Boss battle compendium delivers the epic writ small
Titan Souls! That sounds familiar, and very deliberately so. The title of this genre-eluding indie-something makes very deliberate reference to the games of Hidetaka Miyazaki – Demon’s Souls, Dark Souls and now Bloodborne – a reference which is both warranted and not.
Unwarranted because Titan Souls isn’t an RPG. You won’t develop skills, up your stats, or slowly carve out a character build – instead you’ll stay the same huddle of appealing pixels, a dot-eyed hunter with a bow, a single arrow and a good line in dramatic diving-out-the-way. While you will explore a mysterious landscape, there are no NPCs to engage with, no regular supply of enemies to grind, no villages to discover. Instead, there are environmental puzzles – puzzles which imaginatively toy with the limited ways you have of interacting with this world of stone steps and clearings – and, most of all, there are bosses.

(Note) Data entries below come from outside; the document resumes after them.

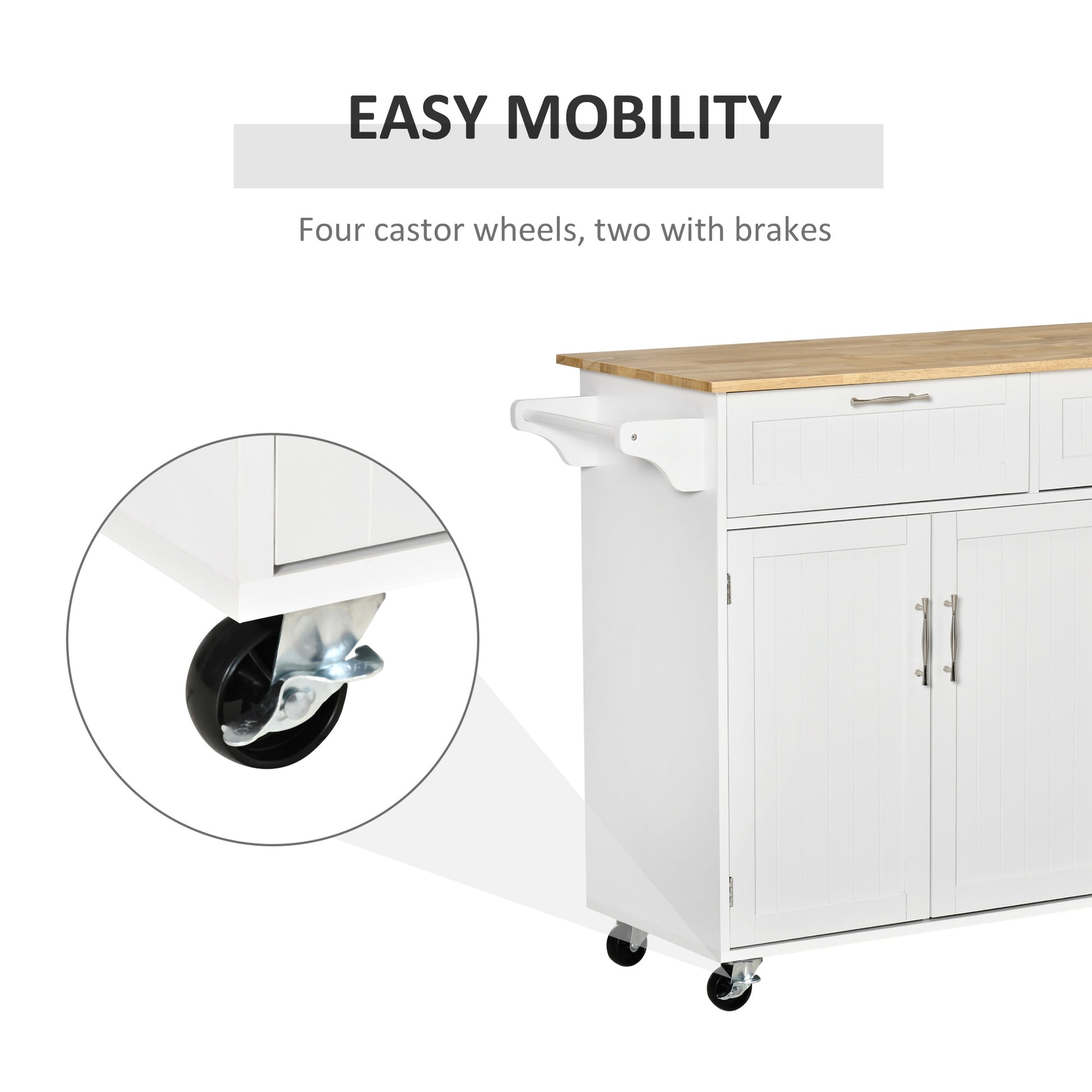 48" Kitchen Island with Storage and Solid Wood Top, Rolling Kitchen Cart on Wheels with 2 Storage Drawers, 3 Doors and T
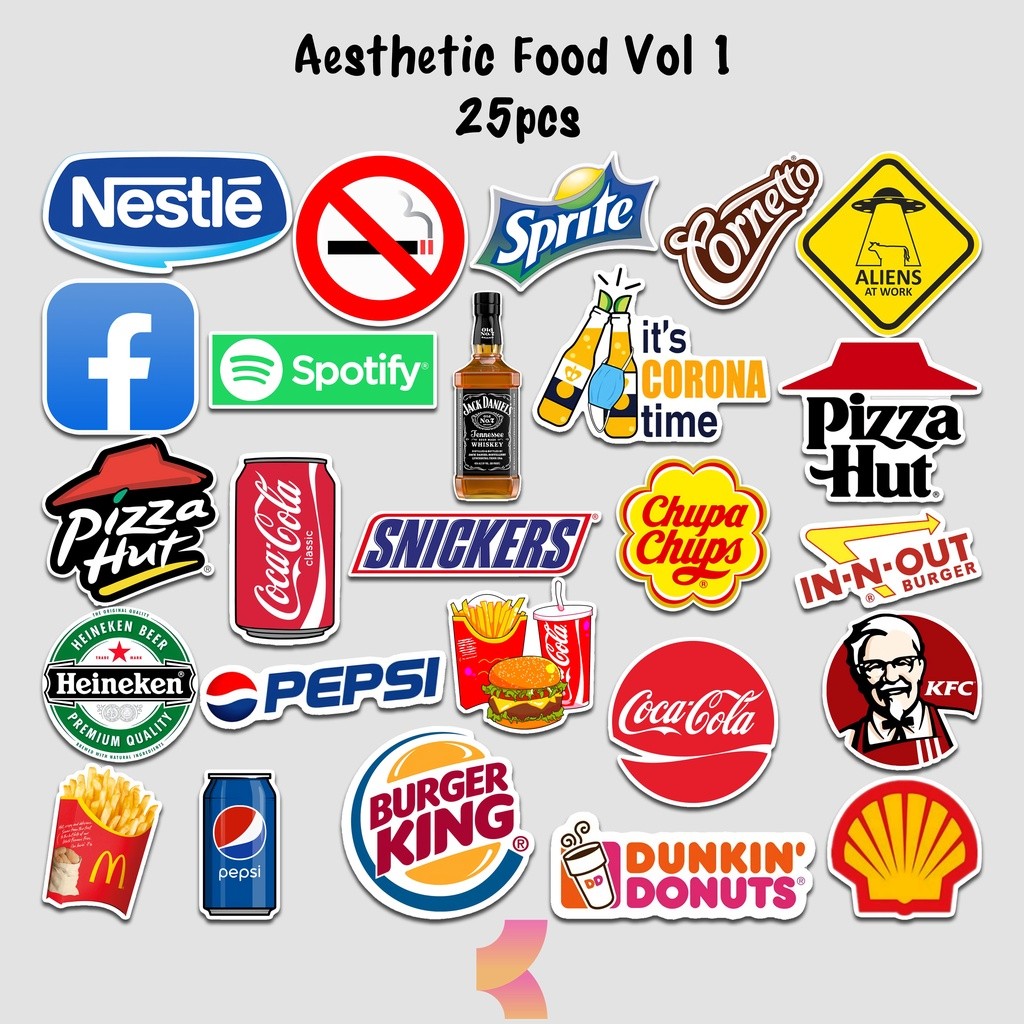 Stiker Logo Brand Aesthetic Anti Air Vinyl Laptop Hp Helm Kulkas Motor Helm Sticker Aesthetic Motif 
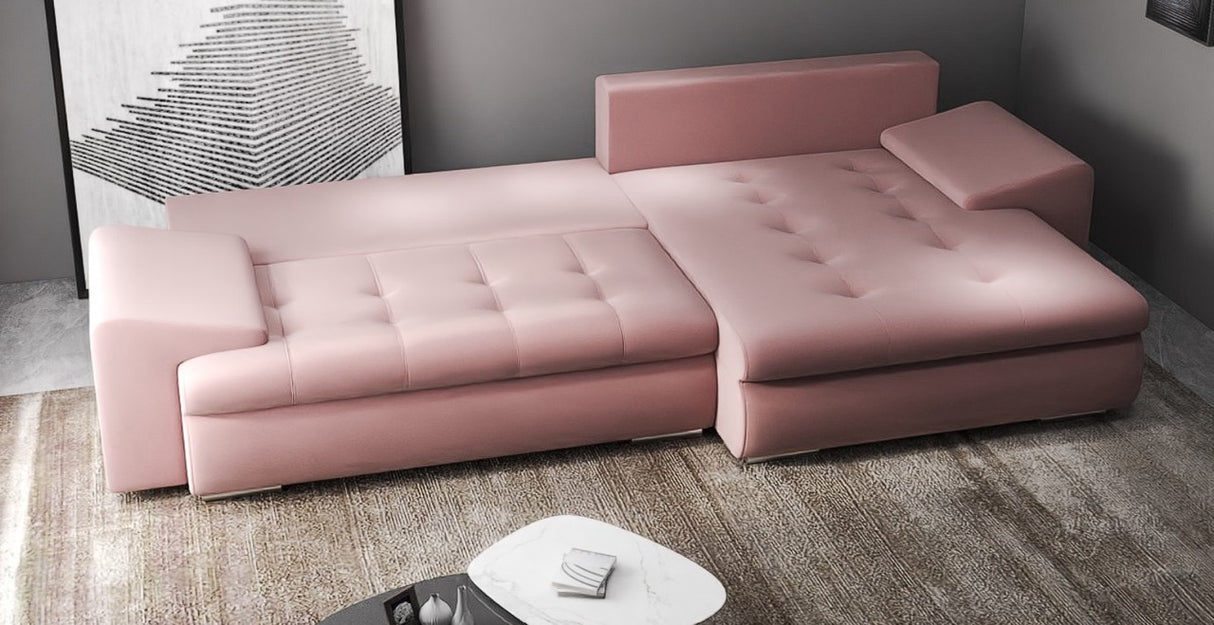 Colțar extensibil dumonde cu ladă de depozitare si sezut confortabil din spuma HR, Leonardo Royal Roz 255x193 cm II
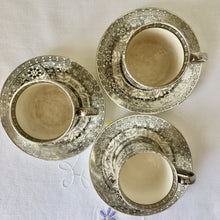 Load image into Gallery viewer, Antique Wedgwood Etruria set of three platinum demi tasse cups and saucers
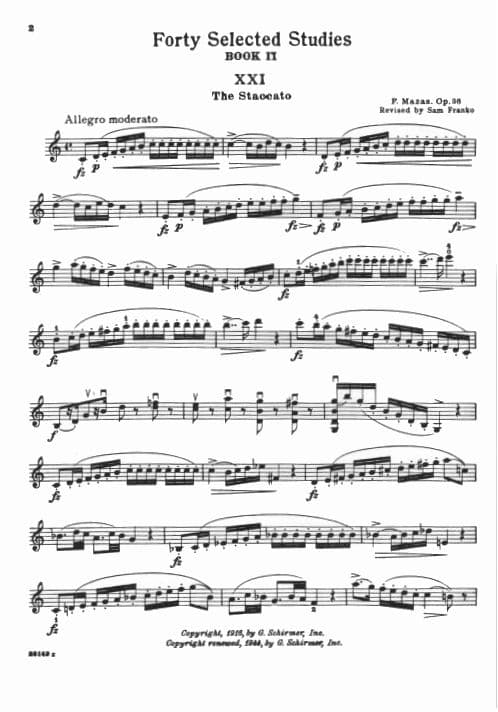Mazas, JF - 40 Selected Studies, Op 36 Book 2 - Violin - edited by Franko - Schirmer - Image 2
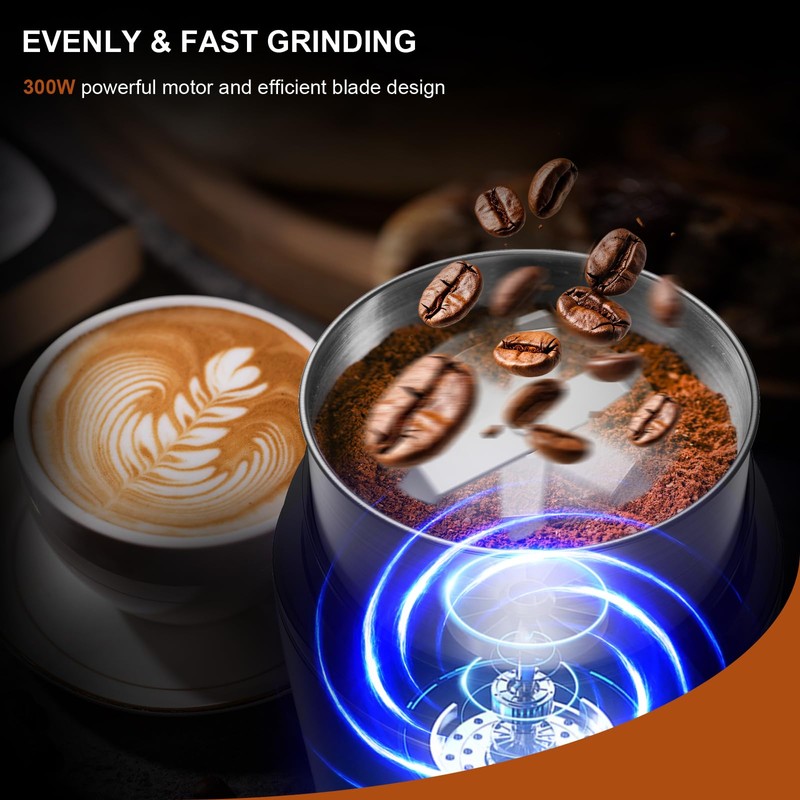 Spice Grinder Electric, Electric Coffee Bean Grinder for Kitchen, Stainless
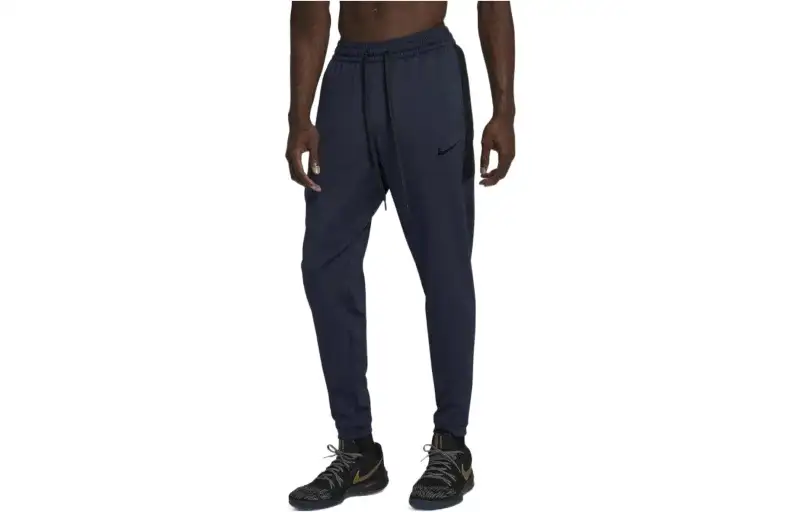Nike Knitted Sweatpants Men's Blue Moderate Cuffed Pants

There are 20 of these fights in all, and finding bosses and then killing them is the strippeddown purpose of Titan Souls. Each one has a pattern, a vulnerability, and efficient ways of making you dead, at which point you respawn at the latest activated glyph and try again. In other words, while Titan Souls hasn’t adopted the wider approach of the Souls series, is has adopted a very specific philosophy attached to them: a philosophy of resilience and repetition.
This is a philosophy of both designing and playing, and, in Miyazaki’s games, it doesn’t just apply to bosses. It is the approach that devises areas and enemies which, on the first encounter, flatten you with despairing ease. It’s the approach that gives us those moments (and From Software’s games give us many) that feel like running blinkered face-first into the bottom of a high brick wall, looking up, and seeing how far there is to climb.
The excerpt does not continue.